Mittwinter & Rauhnächte: Die Zeit dazwischen

Es ist noch gar nicht so spät am Tag, aber es ist schon furchtbar dunkel. Mir wird erst jetzt richtig klar, dass es längst Mittwinter ist. Eine gute Möglichkeit einen Rahmen für das Insichgehen zu schaffen sind die Raunächte von Heiligabend bis zum Dreikönigstag.

Es gibt verschiedene Erklärungen, was die Raunächte genau bedeuten und wie viele es sind. Ganz egal, ob es nun ein christlicher, keltischer oder noch anderer Ursprung ist und sie an Heiligabend oder am 1. Weihnachtstag beginnen, irgendeinen Haken kann man an allen Erklärungen finden. Ich persönlich halte einen nicht-christlichen Ursprung für realistisch, aber warum sollen sie dann am christlichen Weihnachtsfest beginnen, das erst viel später entstanden ist? Da erscheint mir als erste Raunacht die Wintersonnenwende viel stimmiger. Aber wie gesagt, unabhängig welche der verschiedenen möglichen Zählungen und Erläuterungen man persönlich für überzeugend hält, es ist eine Zeit, die sich wunderbar als Generalpause anbietet.

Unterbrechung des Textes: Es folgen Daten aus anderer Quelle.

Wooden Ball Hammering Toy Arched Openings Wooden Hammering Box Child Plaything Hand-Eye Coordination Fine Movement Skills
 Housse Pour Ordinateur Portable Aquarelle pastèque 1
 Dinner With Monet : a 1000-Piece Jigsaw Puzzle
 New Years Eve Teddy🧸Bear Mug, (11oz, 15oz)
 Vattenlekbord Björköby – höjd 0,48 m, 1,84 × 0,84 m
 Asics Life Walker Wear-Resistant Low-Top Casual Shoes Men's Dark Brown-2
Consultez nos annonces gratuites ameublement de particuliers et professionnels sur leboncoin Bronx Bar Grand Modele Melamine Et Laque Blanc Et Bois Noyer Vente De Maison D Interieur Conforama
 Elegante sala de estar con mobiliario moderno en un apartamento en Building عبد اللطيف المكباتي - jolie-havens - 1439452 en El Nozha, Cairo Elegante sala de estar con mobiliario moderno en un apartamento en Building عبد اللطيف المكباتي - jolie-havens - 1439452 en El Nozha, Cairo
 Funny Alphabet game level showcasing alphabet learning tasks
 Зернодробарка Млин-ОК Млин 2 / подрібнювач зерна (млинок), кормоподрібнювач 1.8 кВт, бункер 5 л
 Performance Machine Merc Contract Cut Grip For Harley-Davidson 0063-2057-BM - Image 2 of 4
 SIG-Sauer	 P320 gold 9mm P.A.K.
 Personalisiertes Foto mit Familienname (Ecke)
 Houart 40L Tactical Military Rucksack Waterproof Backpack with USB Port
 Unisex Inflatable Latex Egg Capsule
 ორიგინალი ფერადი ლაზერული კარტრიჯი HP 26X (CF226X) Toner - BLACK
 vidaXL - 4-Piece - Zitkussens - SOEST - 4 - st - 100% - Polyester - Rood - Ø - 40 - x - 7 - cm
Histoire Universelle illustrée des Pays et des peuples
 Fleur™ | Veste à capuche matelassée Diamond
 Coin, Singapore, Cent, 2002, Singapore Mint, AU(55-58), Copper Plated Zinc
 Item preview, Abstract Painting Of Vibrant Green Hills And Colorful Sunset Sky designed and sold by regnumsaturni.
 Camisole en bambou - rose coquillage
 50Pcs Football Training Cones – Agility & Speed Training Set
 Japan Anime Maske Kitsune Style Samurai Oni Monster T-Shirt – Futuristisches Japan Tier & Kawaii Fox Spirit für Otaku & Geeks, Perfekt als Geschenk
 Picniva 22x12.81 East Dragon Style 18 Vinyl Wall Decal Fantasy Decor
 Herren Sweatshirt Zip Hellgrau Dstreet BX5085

Zu Schul- und Kinderzeiten waren bis zum Dreikönigstag Ferien und es war auch irgendwie eine Zeit, in der nicht viel los war. „Zwischen den Jahren“ hieß es bei uns zu Hause. In den letzten Jahren sind die Raunächte wieder ein Thema geworden. Oder nehme ich es nur so wahr, weil ich mit dem Garten und den Kreisläufen der Natur beschäftige? Man sieht nur das, was man auch denken kann. Jahrelang wächst Schafgarbe in meinem Rasen. Seit ich mich mit Heilkräutern beschäftige, sehe ich sie. So geht es mir vielleicht auch mit den Raunächten. Auf jeden Fall finde ich die Idee gut, sich eine ganz konkrete Zeit im Jahr frei zu halten, die auf jeden Fall der inneren Einkehr dient und ich mag jeden anregen, darüber nachzudenken und es vielleicht nach zu machen.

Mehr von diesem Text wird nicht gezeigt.